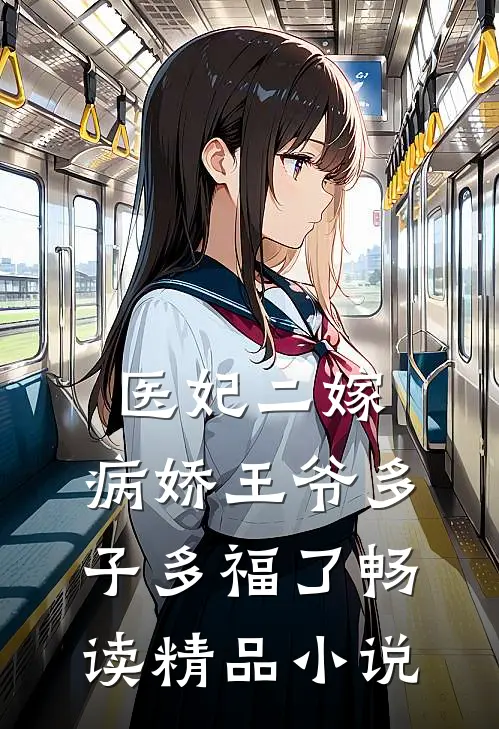 医妃二嫁,病娇王爷多子多福了畅读精品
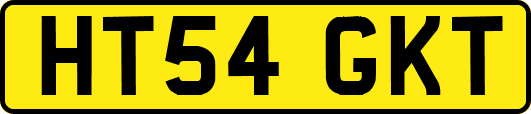 HT54GKT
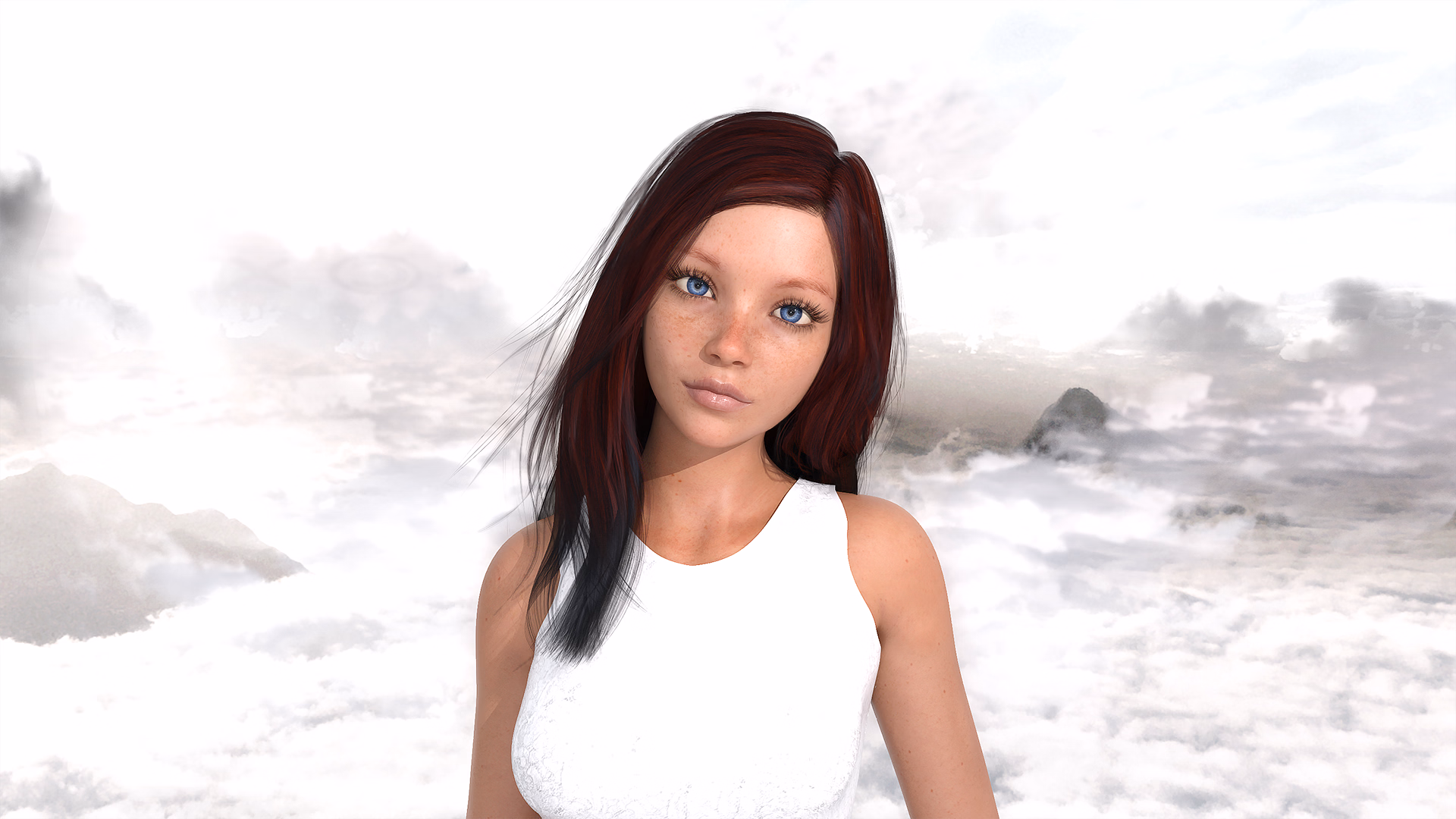 VN Ren'Py Radiant [v0.7.1] [RK Studios]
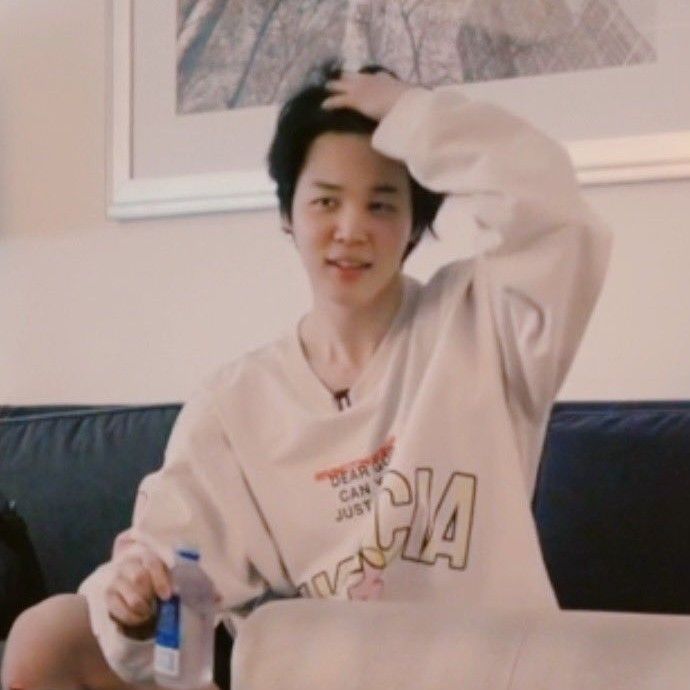 지민 (방탄소년단) 팬이 찍은 순간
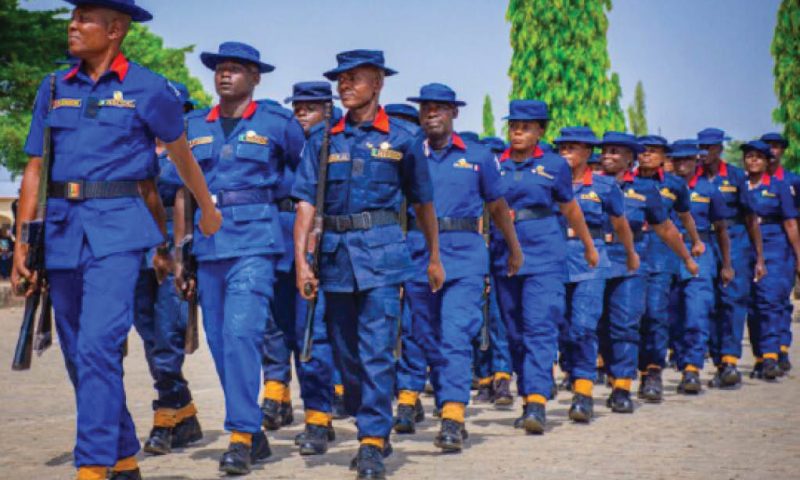 Yuletide: Osun NSCDC deploys 1700 personnel, tightens security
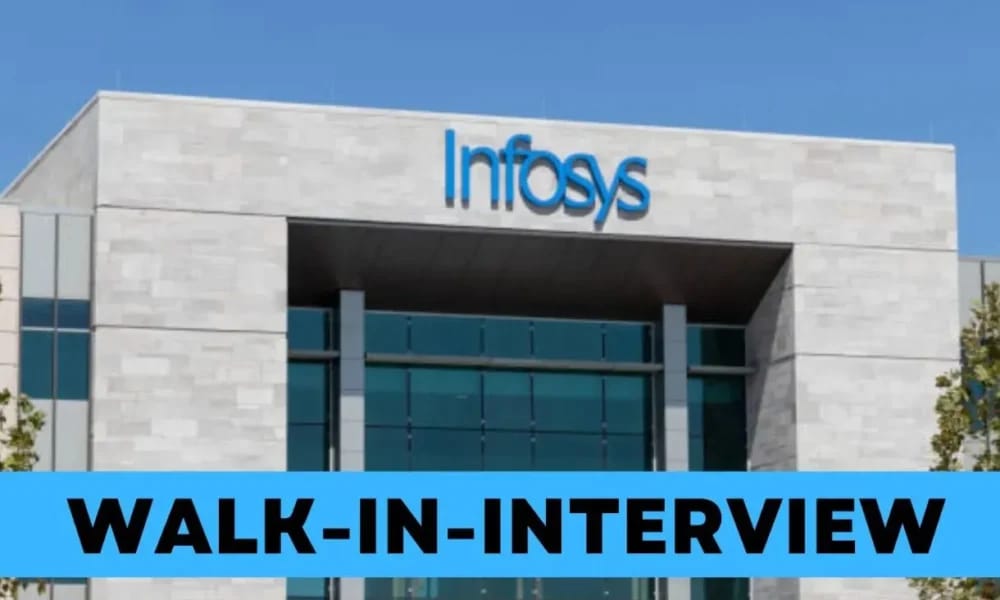 Top Walk-In Drives | Jobs Freshers & Experienced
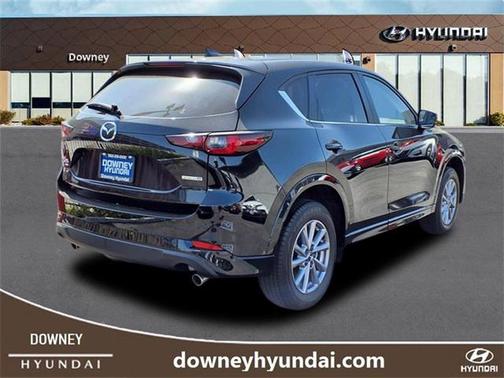 2024 Mazda CX-5 2.5 S Select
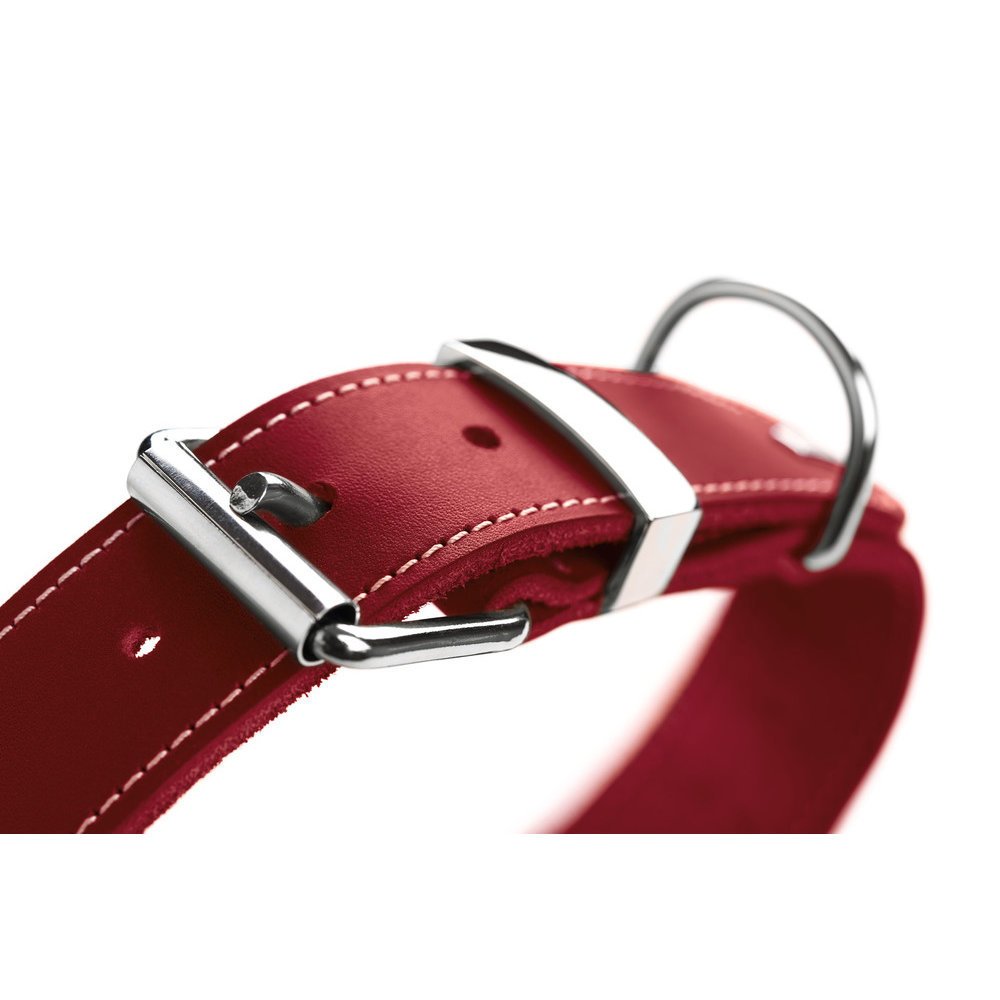 Hunter Halsband Aalborg Special Leder Bild 17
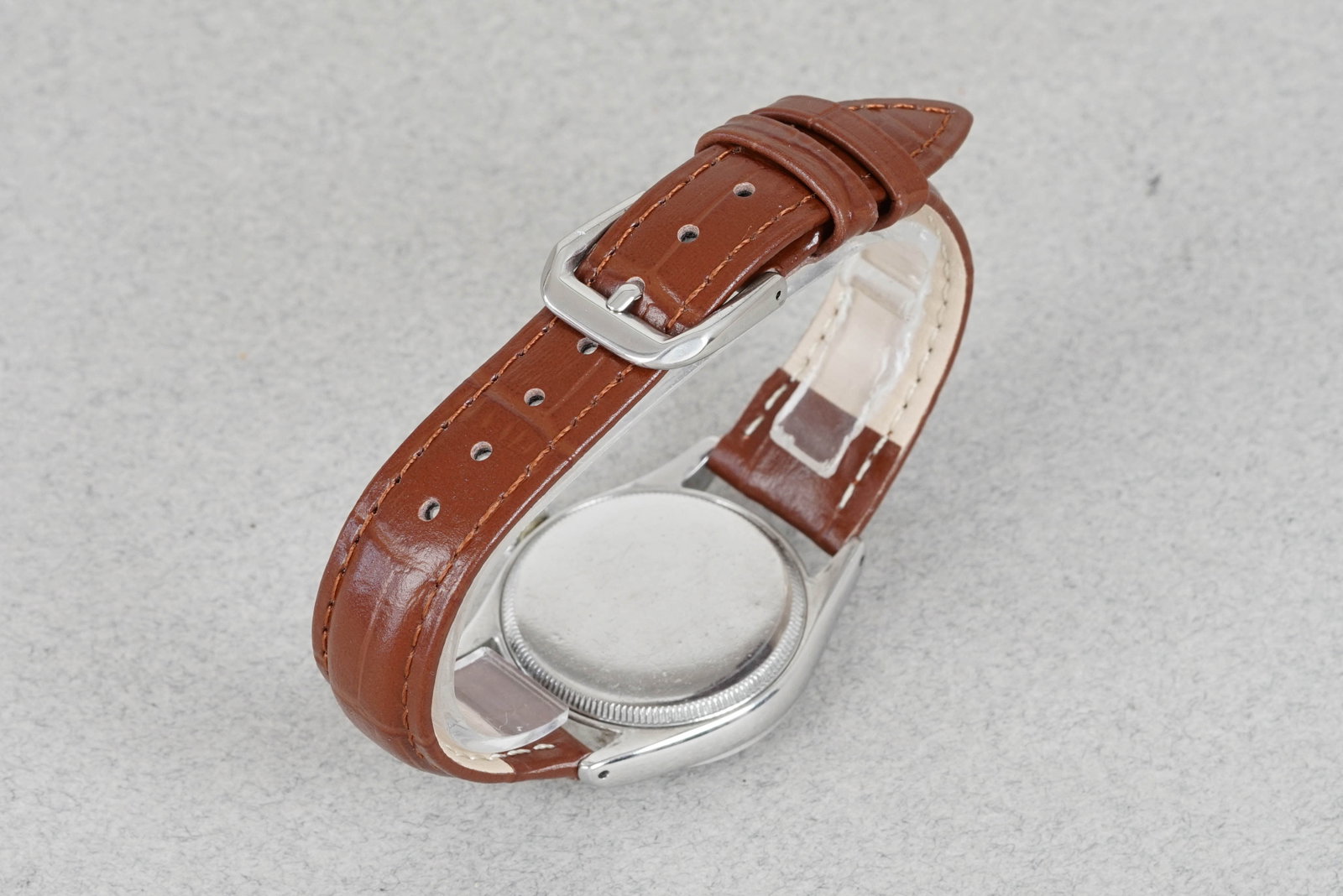 *NO RESERVE* ROLEX OYSTER WRISTWATCH REF. 6244 CIRCA 1954 - 3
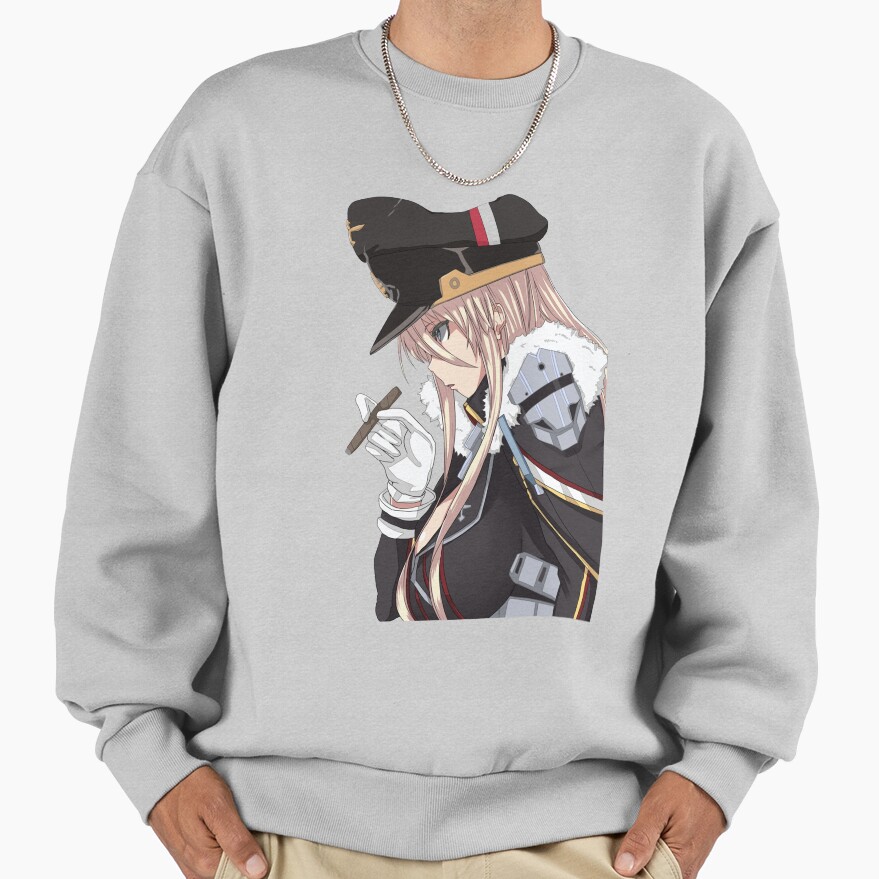 Azur Lane Bismarck Sweatshirt - Image 4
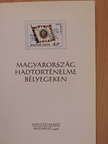 Ács Imre - Magyarország hadtörténelme bélyegeken [antikvár]
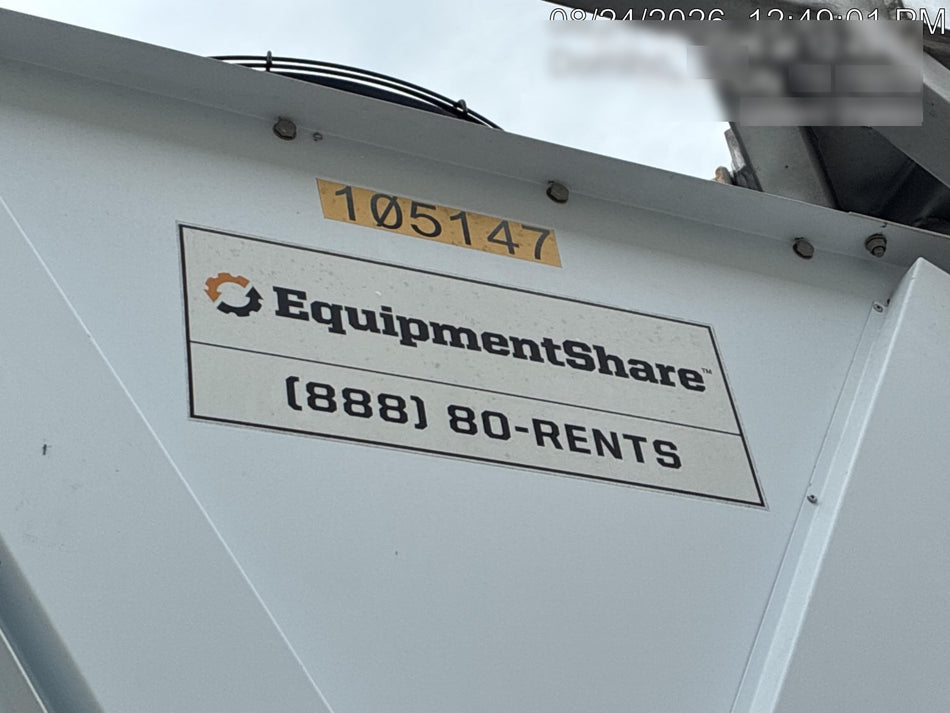 2020 SMARTECH SACP41A-HS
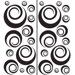 Sheets Ringlets Wall Art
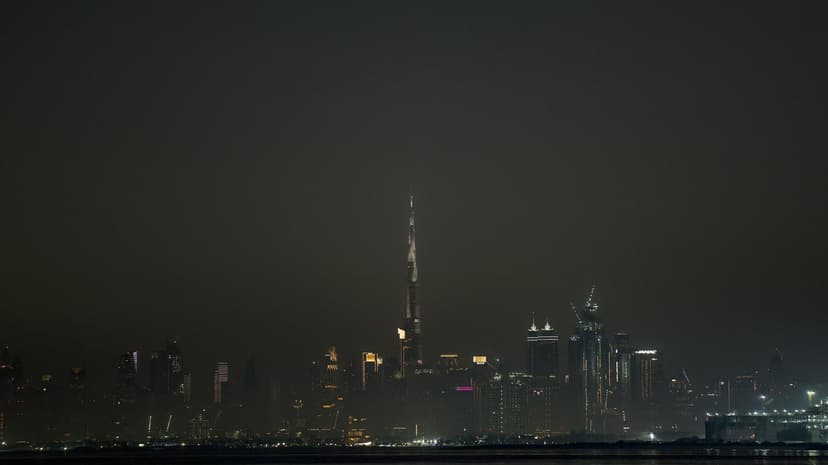 Experts analyze reasons behind Iran's attacks in multiple countries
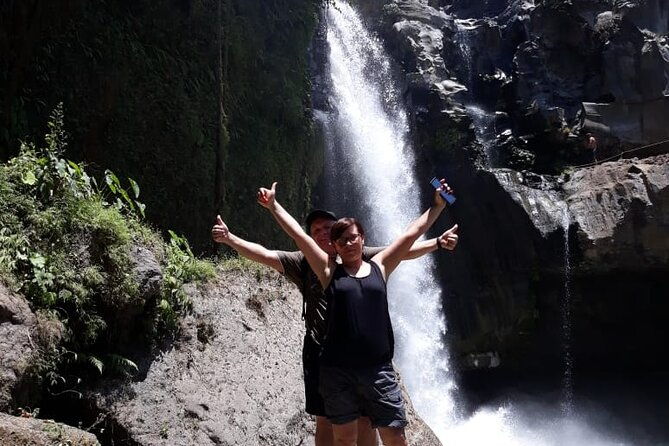 Adventures Tour : Bali Hidden Canyon Trekking - Beji Guwang - Final Thoughts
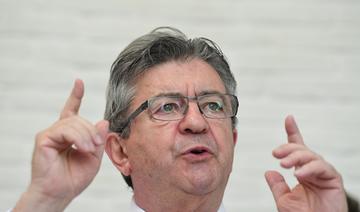 Mélenchon défend «l'émulation» plutôt que la «compétition» à la Nupes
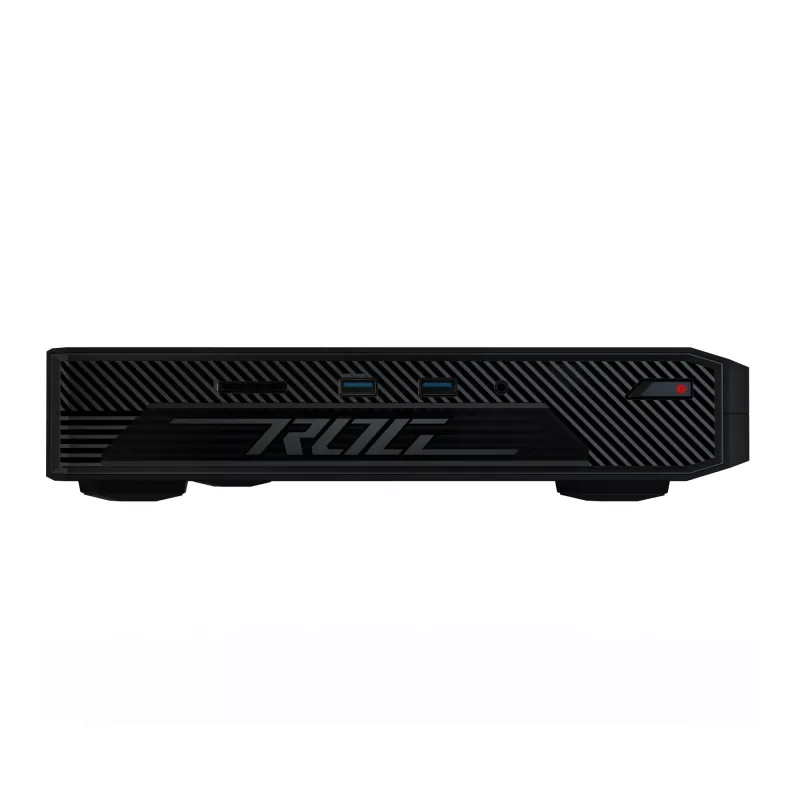 ASUS ROG NUC 14 RNUC14SRKU7168A2I Intel Core Ultra 7 155H 16 GB DDR5-SDRAM 512 GB SSD NVIDIA GeForce RTX 4060 Windows 11 Home Mini PC negro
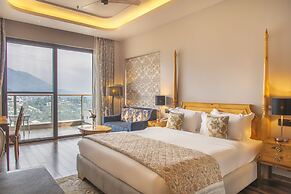 Echor Mandara Tree Villa Dharamshala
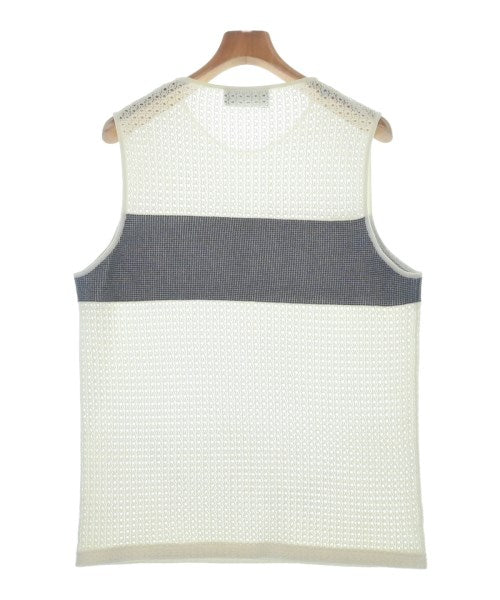 Dior Homme เสื้อกั๊ก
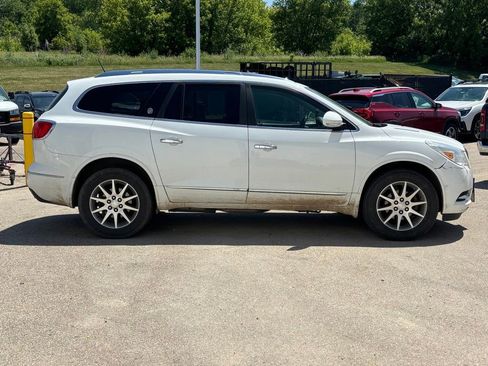 Used 2016 Buick Enclave Leather FWD image 10
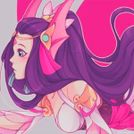 Violet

════════

**Task goal**
Which lines run from the one containing "ASUS ROG NUC" to the end of the entries above? Write them out exactly, leaving out every picture.

**Answer to this exercise**
 ASUS ROG NUC 14 RNUC14SRKU7168A2I Intel Core Ultra 7 155H 16 GB DDR5-SDRAM 512 GB SSD NVIDIA GeForce RTX 4060 Windows 11 Home Mini PC negro
 Echor Mandara Tree Villa Dharamshala
 Dior Homme เสื้อกั๊ก
 Used 2016 Buick Enclave Leather FWD image 10
 Violet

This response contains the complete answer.